Although management of lymphoma during pregnancy is not well studied, a retrospective review at 10 academic centers in the United States suggests that in selected cases, lymphoma can be treated with minimal maternal and fetal complications, and that treatment can be deferred until after giving birth in patients with low-risk lymphomas. The study was presented at the 53rd Annual Meeting of the American Society of Hematology held December 2011 in San Diego, California.
“To our knowledge, this represents one of the largest experiences reported of lymphoma during pregnancy. There is not much published data in the literature to guide us. Therefore, 10 different centers came together to collect our experiences for guidance for not only ourselves, but treating oncologists across the world,” said lead author of this study, Andrew M. Evens, DO, MSc, University of Massachusetts Medical School, Worcester, Massachusetts. “The main point of our study is that the outcomes we found were consistent with non–pregnancy-associated lymphoma outcomes.”
In the United States, approximately 3500 new cases of cancer are diagnosed each year in pregnant women. Breast cancer is the most common type, and hematologic malignancies (about 20% of all cases) are the second most common. Prior to this study, knowledge about lymphoma during pregnancy came primarily from case reports, Evens explained.
The retrospective review included 82 evaluable cases of lymphoma in pregnant women over a 13-year period.
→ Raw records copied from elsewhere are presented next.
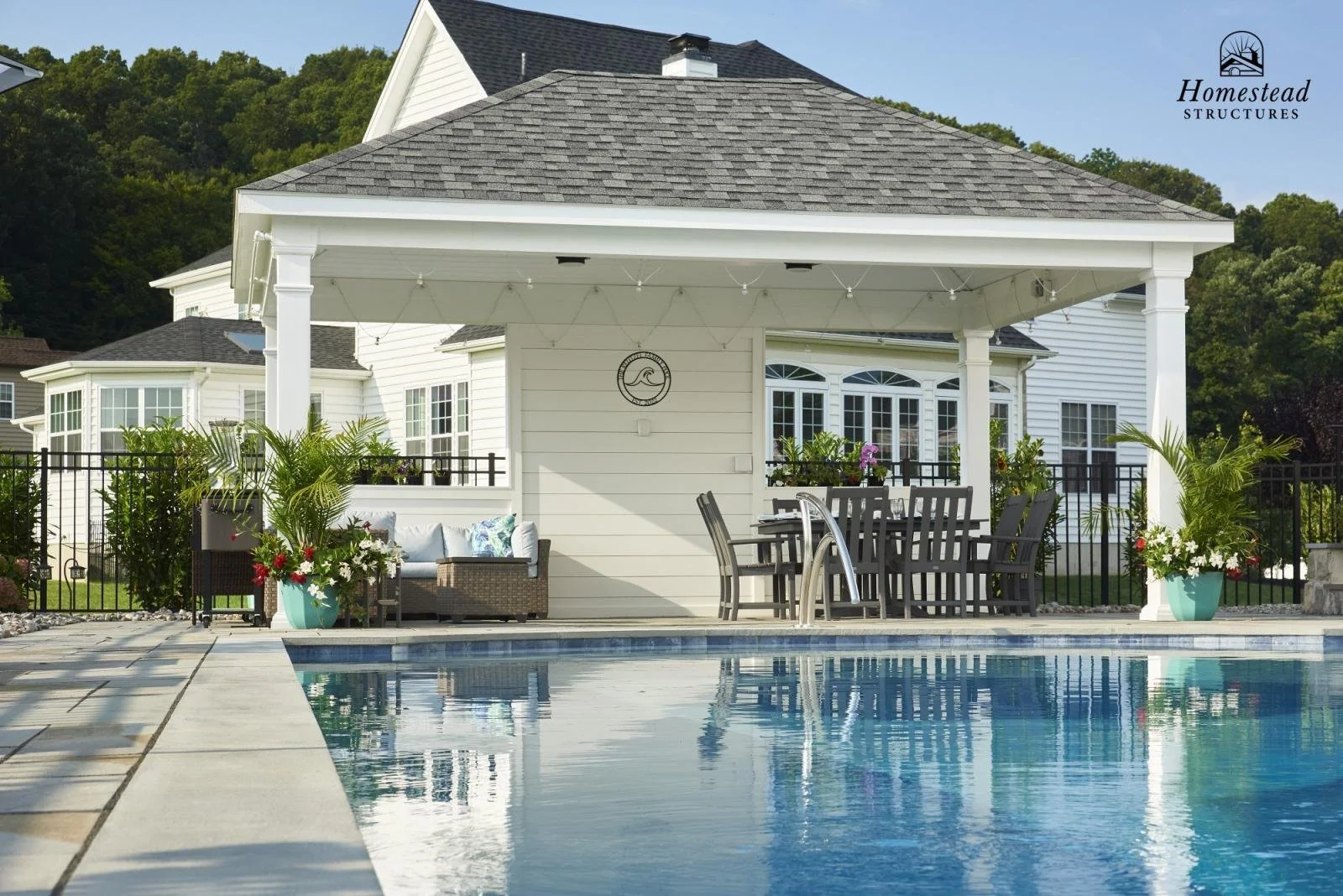 A backyard patio with a swimming pool, outdoor furniture, potted plants, and a white house with large windows in the background.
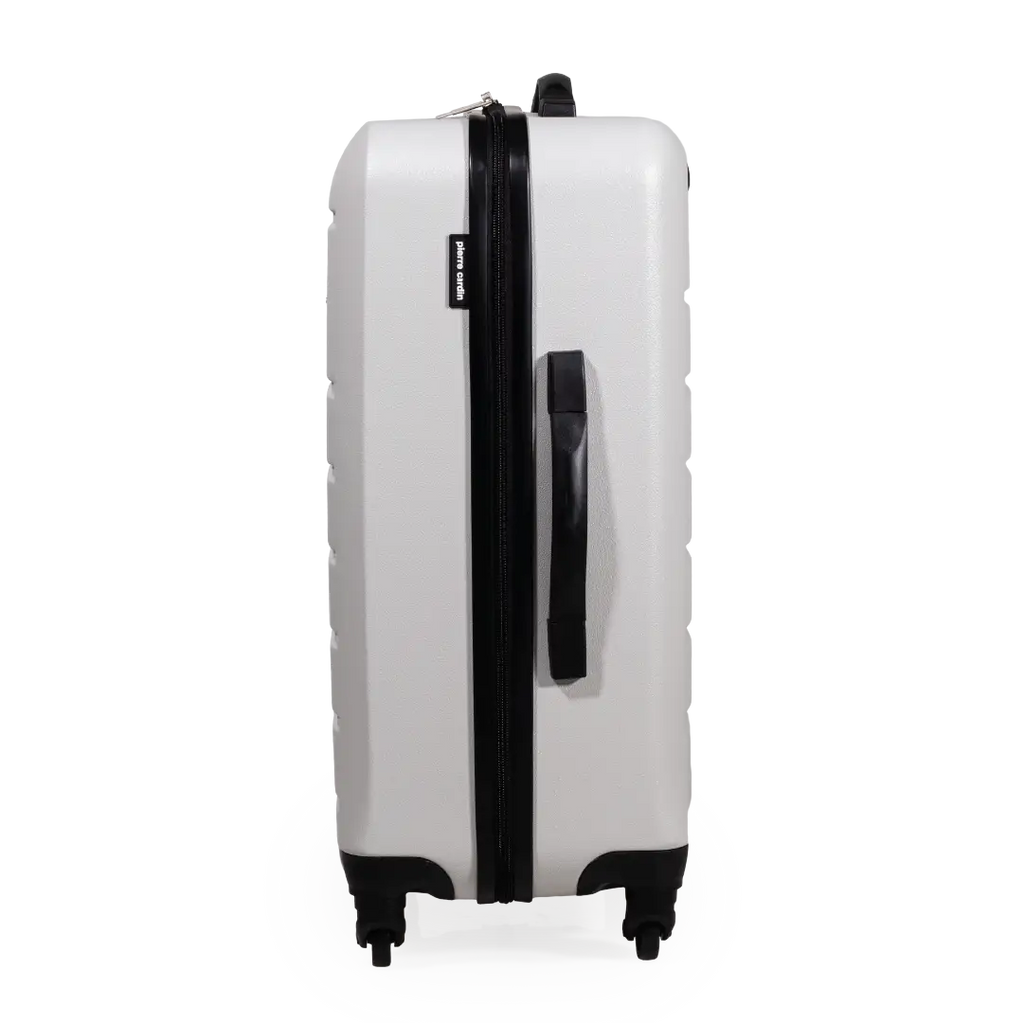 White suitcase with black handle and wheels on a white background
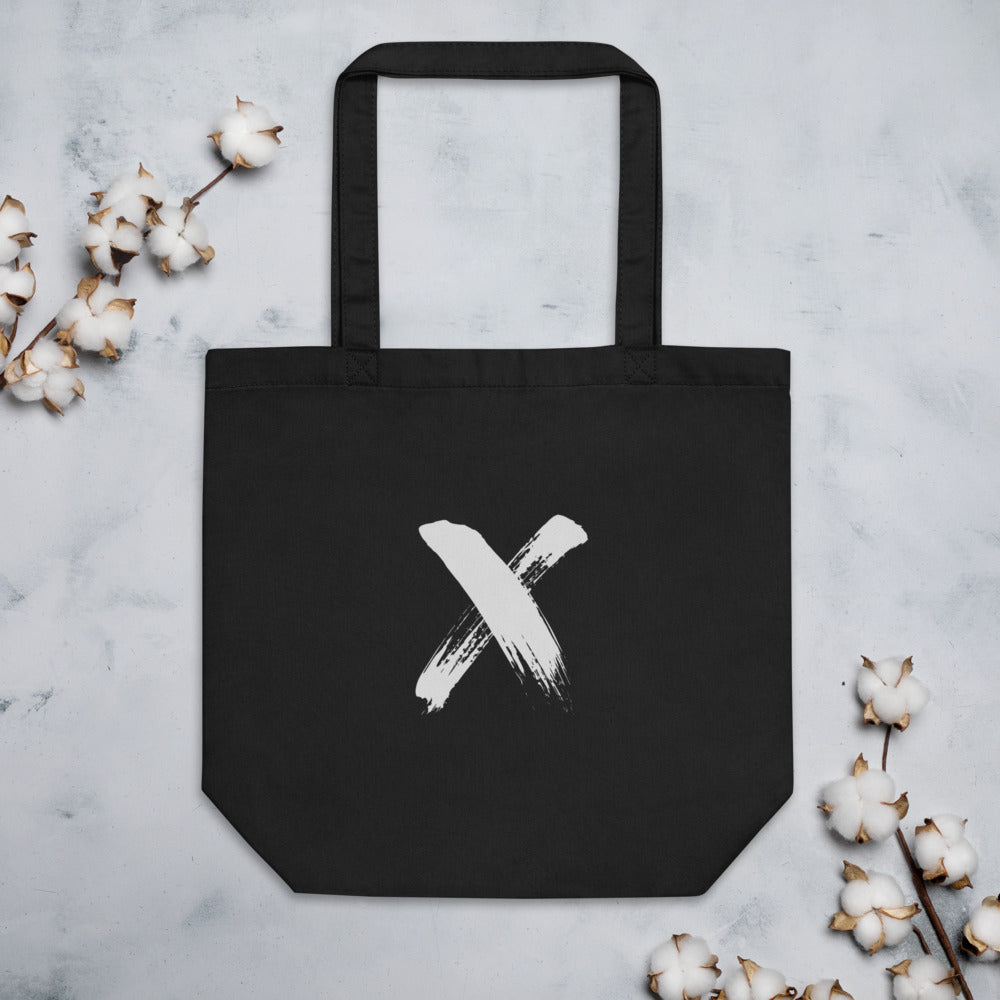 A black ink sumi-e calligraphy letter X printed on a canvas tote bag. Flat lay, Ink colourway.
Treatment of selected cases of localized disease during the second and third trimester was associated with minimal maternal and fetal risk of complications. The data suggest that treatment for lymphoma can be safely deferred until after giving birth in patients with low-risk lymphomas, such as indolent non-Hodgkin lymphoma (NHL), and/or diagnosis late in gestation. Evens said that this approach can achieve survival similar to that of non-pregnant patients with lymphoma.
Almost all of the cases of lymphoma during pregnancy were comanaged with high-risk maternal fetal medicine, with the goal of carrying the fetus to term (beyond 36 weeks’ gestation). In the 82 evaluable patients, median age was 31 years, about 38% were nulliparous, and lymphoma was diagnosed at a median of 24 weeks’ gestation (range, 5-40): 15% during the first trimester, 46% during the second trimester, 35% during the third trimester, and 4% was preexisting.
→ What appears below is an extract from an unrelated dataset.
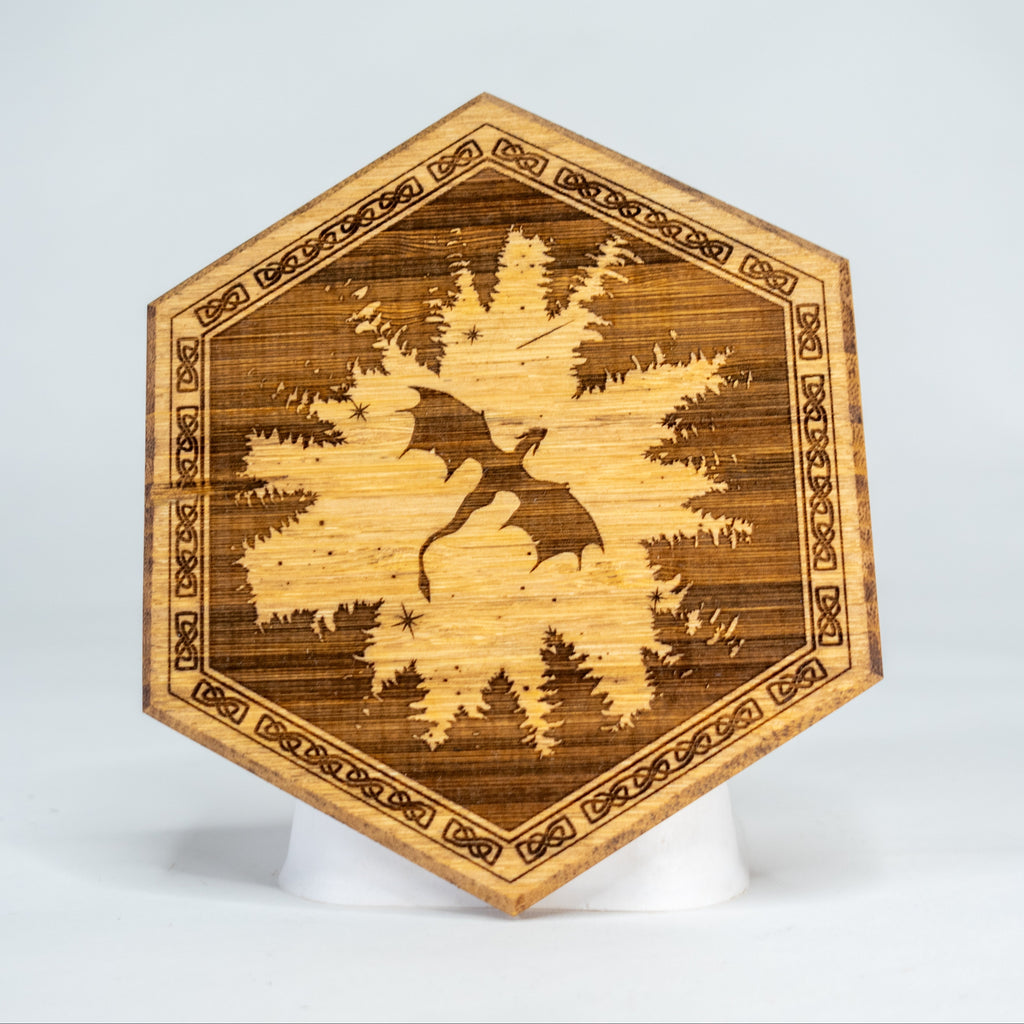 A hexagonal-shaped wooden magnetic art puck with a dragon design amidst trees, intended for customizing Dungeon Master screens.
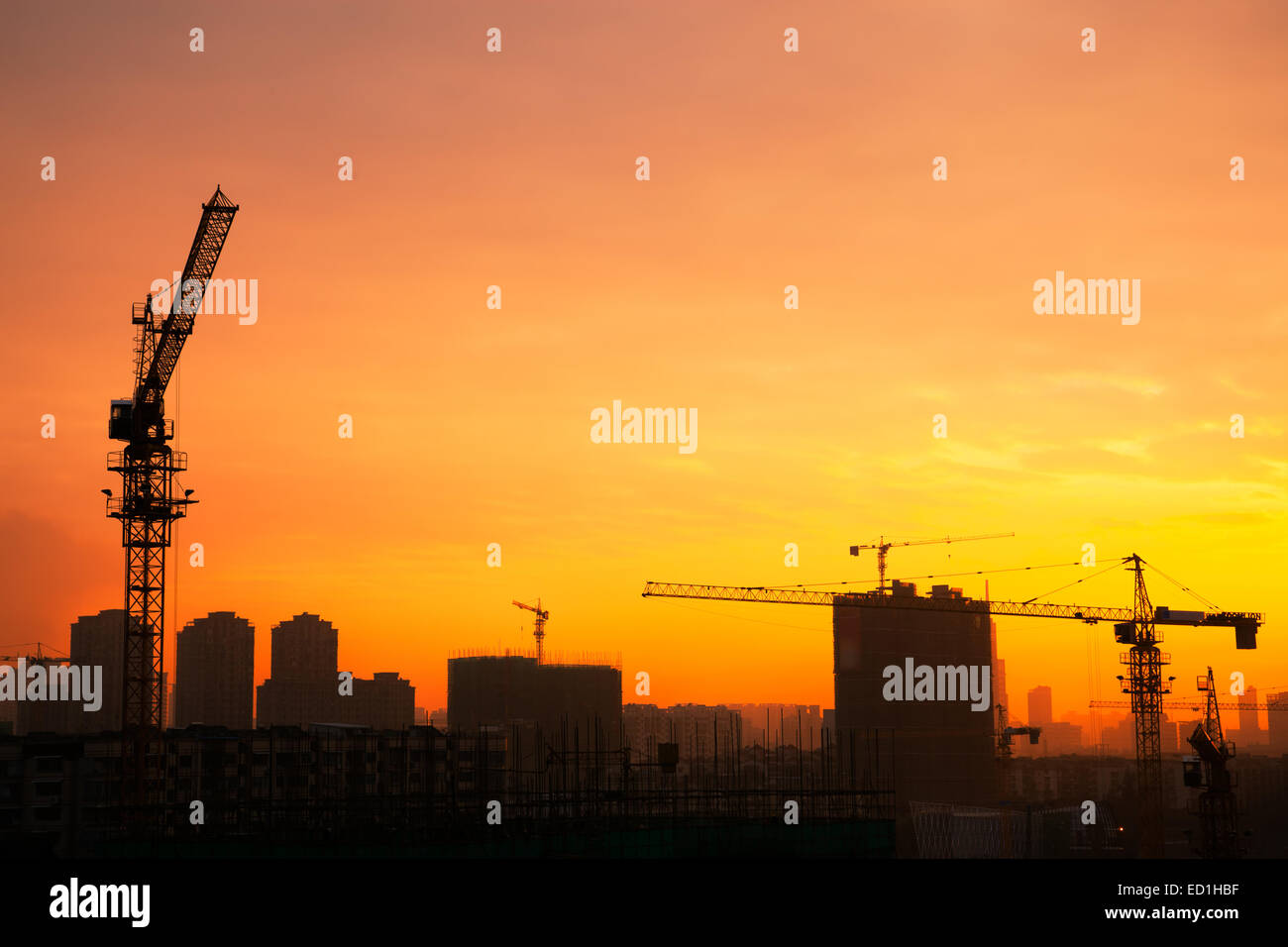Silhouette of the tower crane on the construction site with city ...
Of the 82 evaluable cases, 43 were NHL and 39 were Hodgkin lymphoma (HL). Median weight gain was 3.1%, which is considered low. Since lymphoma is associated with weight loss, this low weight gain makes sense, Evens noted. Almost two-thirds (63%) of NHL patients had advanced-stage disease (most of them diffuse large B-cell lymphoma), and 46% of those with HL were in advanced stage; 25% of HL patients had stage IIB.
Six patients (4 NHL, 2 HL) terminated pregnancy to initiate chemotherapy (5 in the first trimester and 1 in the early second trimester). Chemotherapy was based mainly on cyclophosphamide, doxorubicin, vincristine, and prednisone (CHOP) or rituximab plus CHOP (R-CHOP) for NHL and doxorubicin, bleomycin, vinblastine, and dacarbazine for HL patients. Therapy was deferred in 34% of patients (n=28).
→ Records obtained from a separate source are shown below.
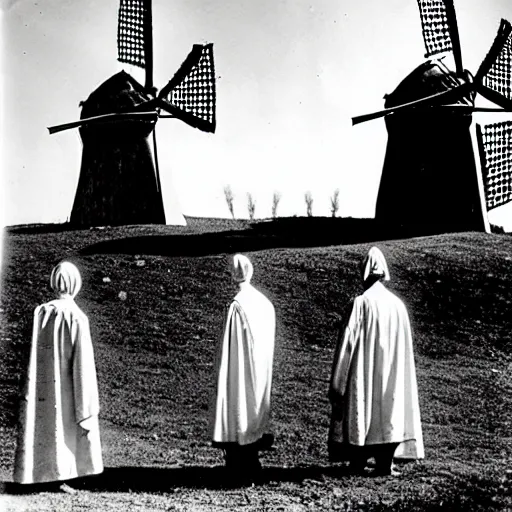 Image similar to worshippers dressed in robes belonging to the cult of the windmill. Dilapidated 1800s windmill. Old windmill. 1800s photo.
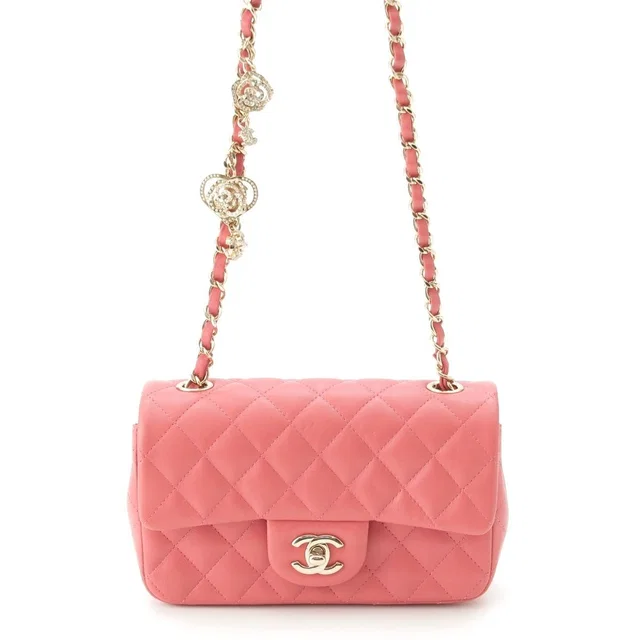 Chanel Mini Quilted 20 Lambskin Charm Chain Shoulder Bag Pink in Pink Lambskin from The Reluxe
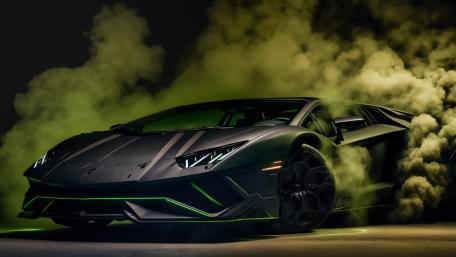 Lamborghini Aventador Emerging Through Neon Green Smoke wallpaper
Seventy-two percent of patients had a vaginal delivery. Among 48 patients who received chemotherapy during pregnancy, full-term gestation occurred in 73% (85% delivered at 35 weeks’ gestation or longer). Among 28 patients who deferred chemotherapy, delivery was at a median of 38 weeks, and 86% of pregnancies were carried to full term.
Most common preterm complications were induction of labor (45%), pre-eclampsia (8%), spontaneous rupture of membranes (5%), and diabetes mellitus (4%). No difference in events was observed between patients treated during pregnancy and those who deferred treatment. One stillbirth occurred in an NHL patient treated with 1 cycle of R-CHOP.
Fetal outcomes were evaluable in 76 live births. No difference was seen in median birth weight between infants of chemotherapy-treated patients and those who deferred therapy. Only 1 fetal malformation was found: microcephaly in an NHL patient treated with 4 cycles of CHOP.
For all patients, 3-year progression-free survival (PFS) and overall survival (OS) were 79% and 89%, respectively: for B-cell NHL, 73% and 82%; for T-cell NHL, 50% and 90%; and for HL, 90% and 95%, respectively. Among the 6 patients who terminated pregnancy, 3-year PFS and OS were 100%.